If I’d been an investor looking at the IPO prospectus of Facebook, knowing that General Motors had pulled its advertising, claiming that the advertising didn’t work, I would have been suspicious of both Facebook and General Motors’ claim.

Although on the surface, Facebook seems pretty useless, there’s no denying its popularity.  That General Motors was advertising on Facebook – that GM, was in fact, Facebook’s biggest advertiser – is the real red flag, not whether its advertising was failing.  There, I’d want to hear from other companies.  General Motors itself was a failing company and is now, basically, a government entity.  I’d want to know why Obama – in the guise of General Motors – wants Facebook to fail?

Many Tea Parties and affiliated groups, including AgEnders, share their information over Facebook.  Facebook is the fastest, easiest way to share information the Administration doesn’t want you to know.  Pundits fear the power of Facebook to infringe upon the privacy of individual citizens, but it poses just as much of a danger to a totalitarian government like the Obama Administration.

Obama has to do something about all that information-sharing, and the best way to do so is to scare off other advertisers, using General Motors as the bait.  If such a large company would pull is advertising, it can’t be a good omen for Facebook’s future as an investment.

The Facebook Flop would be considered a “Black Swan Event,” a financial aberration that takes everyone by surprise but in hindsight, can be explained.  The Financial Crisis of 2008 was another.  Why anyone was surprised by that event is the real mystery.  9/11 was a non-financial Black Swan Event, of which we were repeatedly warned through Al-Qaeda’s press releases, but by which we were still horribly shocked (understandably).

The black swan theory is a metaphor that encapsulates the concept that an event is a surprise (to the observer) and has a major impact. After the fact, the event is rationalized by hindsight.

The theory was developed by Nassim Nicholas Taleb, a Lebanese-American essayist, to explain:

  1. The disproportionate role of high-impact, hard-to-predict, and rare events that are beyond the realm of normal expectations in history, science, finance, and technology.  The non-computability of the probability of the consequential rare events using scientific methods (owing to the very nature of small probabilities)
  2. The psychological biases that make people individually and collectively blind to uncertainty and unaware of the massive role of the rare event in historical affairs
According to Wikipedia, unlike the earlier philosophical “black swan problem,” the “black swan theory” refers only to unexpected events of large magnitude and consequence and their dominant role in history.
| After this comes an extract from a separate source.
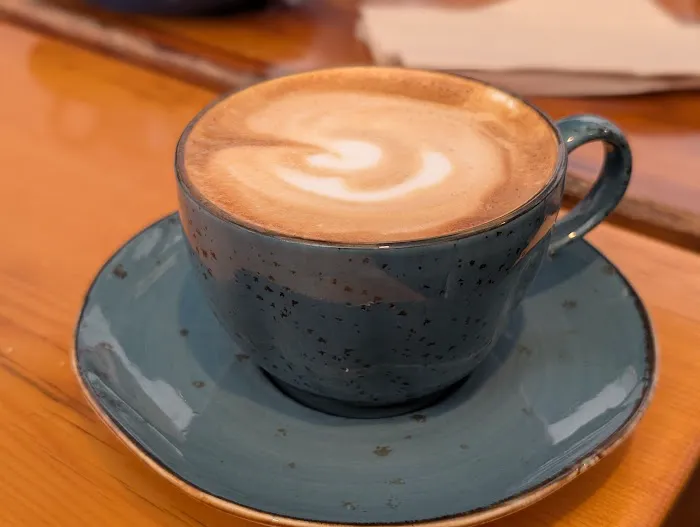 Elsewhere Espresso. Picture 3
Such events, considered extreme “outliers,” collectively play vastly larger roles than regular occurrences.

The term black swan derives from a Latin expression—its oldest known reference comes from the poet Juevenal’s  characterization of something being “rara avis in terris nigroque simillima cygno.”  In English, “a rare bird in the lands, very much like a black swan.”  When the phrase was coined, the black swan was presumed not to exist. The importance of the simile lies in its analogy to the fragility of any system of thought. A set of conclusions is potentially undone once any of its fundamental postulates is disproved. In this case, the observation of a single black swan would be the undoing of the phrase's underlying logic, as well as any reasoning that followed from that underlying logic.

Juvenal’s phrase was a common expression in 16th century London as a statement of impossibility. The London expression derives from the Old World presumption that all swans must be white because all historical records of swans reported that they had white feathers.  In that context, a black swan was impossible or at least nonexistent. After Dutch explorer Willem de Vlamingh discovered black swans in Western Australia in 1697,  the term metamorphosed to connote that a perceived impossibility might later be disproven.  Taleb notes that in the 19th century John Stuart Mill used the black swan logical fallacy as a new term to identify falsification.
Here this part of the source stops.